Odd couples have become a fixture of Irish cinema in recent times. Handsome Devil, Tomato Red, A Date for Mad Mary and many other films have featured unlikely pairings at the centre of their narratives.
The Drummer and the Keeper also offers an odd couple, as well as another feature of the recent Irish cinema: a focus on mental health.
Nick Kelly’s debut feature has a very literal title. The Drummer and the Keeper concerns Gabriel (Dermot Murphy) a drummer with bipolar disorder whose behaviour is becoming increasingly destructive.
Gabriel’s therapist, Dr Flahavan, suggests that he attend a mixed-ability football game as a form of therapy. Gabriel is reluctant to do so, but goes along with the treatment to appease his bandmates.
At football practice Gabriel meets the titular keeper, Christopher (Jacob McCarthy), who has Asperger’s syndrome and appears single-minded in his quest to become a professional goalkeeper.
Christopher’s dedication and Gabriel’s devil-may-care attitude make them fast enemies on the pitch, but, as is the case with buddy pictures, this uneasiness soon gives way to an unexpected friendship.
Much like Christopher and goalkeeping, Gabriel is fixated on becoming a professional musician. This desire manifests itself through hallucinations. Gabriel is convinced that an established pop star is attending his shows.
The Drummer and the Keeper impresses with the strength of its visuals from moment one. Kelly’s ability to visualise Gabriel’s mental health through cinematic conventions like point-of-view shots and match cuts helps the audience identify with a character whose actions aren’t always relatable.
These sequences are presented from Gabriel’s point of view. The camera rapid-cuts between faces in the crowd, always with heavy depth of field and strong backlighting, making the imaginary attendee appear as if she is surrounded by flames. Not just a neat visual, these scenes are also a clever way of letting us into Gabriel’s world.
Christopher’s world is harder to illustrate in such a manner. The script and McCarthy’s intonation and mannerisms do much of the characterisation. Christopher doesn’t read social cues all that well and steers conversations towards subjects he’s passionate about. His encyclopedic knowledge of football and Lego makes for some amusing interplay between himself and Gabriel, who doesn’t much care for either topic.
There’s a sweetness to Gabriel’s behaviour as we see a gradually building concern for Christopher’s well-being run up against his reputation as a bad seed. He tries to play it cool but the affection is there for the audience to see.
What binds these young men together is the directed nature of their lives. An intervention at the start of the film sees Gabriel curb the more extreme aspects of his rock-and-roll lifestyle, but his drumming suffers as a result.
Gabriel is stuck between wanting to do right by himself and do what’s right for the band. He receives contradictory orders from his bandmates, who want him to shape up but perform as well as he always has. Christopher’s life is also heavily structured and pre-defined; he has no say in his living circumstances.
The Drummer and the Keeper shows us the growing trust and reliance between Gabriel and Christopher in touching scenes of sweetness and bonding. They practice penalties together and talk about life and love. Scenes like these feed into a underlying tension in the film.

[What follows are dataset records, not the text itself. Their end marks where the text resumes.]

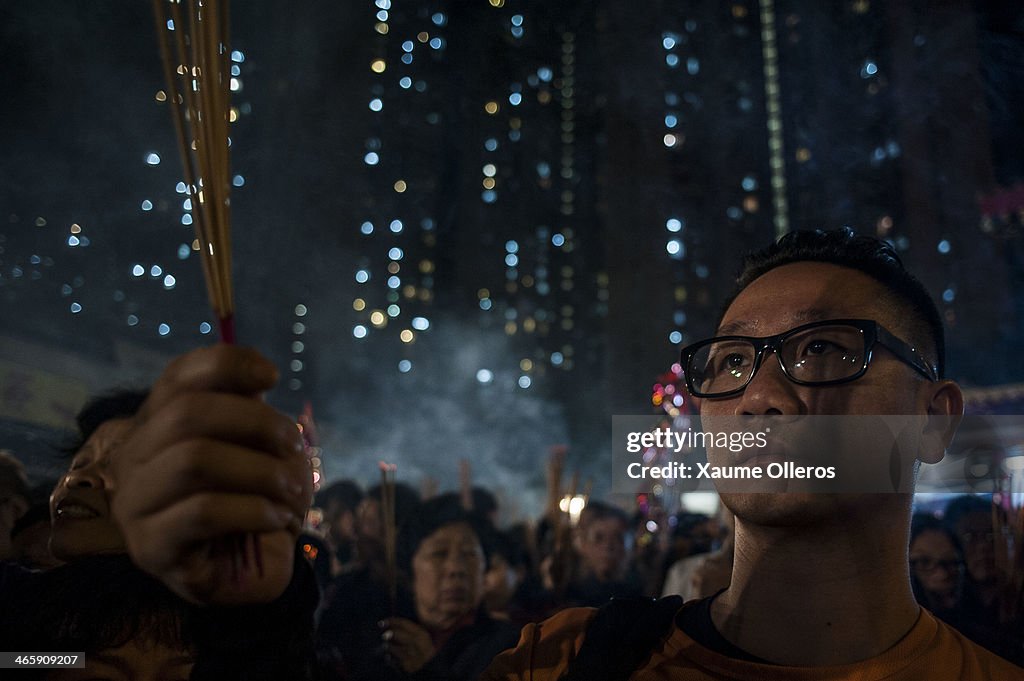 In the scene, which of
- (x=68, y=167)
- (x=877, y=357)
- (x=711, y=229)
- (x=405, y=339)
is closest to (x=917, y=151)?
(x=877, y=357)

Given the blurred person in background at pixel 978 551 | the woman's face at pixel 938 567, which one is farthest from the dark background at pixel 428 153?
the blurred person in background at pixel 978 551

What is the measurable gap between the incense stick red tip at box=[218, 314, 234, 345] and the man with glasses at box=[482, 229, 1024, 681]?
0.85 metres

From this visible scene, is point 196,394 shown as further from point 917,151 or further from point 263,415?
point 917,151

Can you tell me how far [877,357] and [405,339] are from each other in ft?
53.1

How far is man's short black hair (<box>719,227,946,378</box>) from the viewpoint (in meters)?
1.34

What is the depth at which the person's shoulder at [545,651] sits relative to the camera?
1.34 metres

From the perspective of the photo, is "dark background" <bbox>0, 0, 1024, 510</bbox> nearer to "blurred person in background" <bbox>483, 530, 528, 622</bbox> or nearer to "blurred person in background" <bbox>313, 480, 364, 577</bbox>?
"blurred person in background" <bbox>313, 480, 364, 577</bbox>

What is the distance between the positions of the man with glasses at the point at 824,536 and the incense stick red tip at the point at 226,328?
2.80 ft

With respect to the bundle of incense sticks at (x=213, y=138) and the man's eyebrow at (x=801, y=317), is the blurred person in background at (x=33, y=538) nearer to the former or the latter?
the bundle of incense sticks at (x=213, y=138)

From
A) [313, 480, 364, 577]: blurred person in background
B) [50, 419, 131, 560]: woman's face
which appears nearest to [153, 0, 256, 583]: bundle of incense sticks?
[50, 419, 131, 560]: woman's face

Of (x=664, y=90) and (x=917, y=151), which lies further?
(x=664, y=90)

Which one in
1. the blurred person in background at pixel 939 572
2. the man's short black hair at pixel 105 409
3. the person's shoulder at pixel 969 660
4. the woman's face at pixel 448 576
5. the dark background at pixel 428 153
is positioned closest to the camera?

We see Gabriel at his best, capable of lifting Christopher’s spirits, but we also see a dangerous side to the drummer.
The movie opens with the memorable image of Gabriel setting a couch alight on a beach. Later he lights his car, a hearse, on fire after a confrontation with his sister and bandmates. His behaviour is unpredictable and extreme and unlike Christopher, Gabriel’s anger doesn’t stop at stomping feet and shouting.
Dermot Murphy is a terrifying force of nature in these sequences. There are some wholly convincing and uncomfortable scenes of endurance drumming sessions that brought The Red Shoes to mind in their intensity and longevity. You can feel the blisters forming on Gabriel’s fingers as he tries in desperation to get back the spark.
One sequence featuring a betrayal by his bandmates and a deftly thrown microphone showcases the energy and intensity that Murphy brings to the performance. At times, the film plays out like some lost segment from The Decline of Western Civilisation Part II in its depiction of the high highs and rock-bottom lows of rock ’n’ roll. Nick Kelly’s own musical endeavours undoubtedly inform these sequences.
The narrative is such that Gabriel is a sympathetic character even when his actions are at their most extreme, as he lashes out at the world, and at Christopher in particular, in a heart-rending arson spree.
We feel for both parties in the aftermath of this sequence. The cruelty of Gabriel’s actions is intercut with visions of his pop star admirer and his mother’s coffin entering a furnace. The culmination of these flashbacks into a montage of sorts is effective and powerful.
The film moves toward a resolution that gives further meaning to the film’s title. The Drummer and the Keeper is an impressive feature debut, well-observed, earnest in its execution and filled with humanity.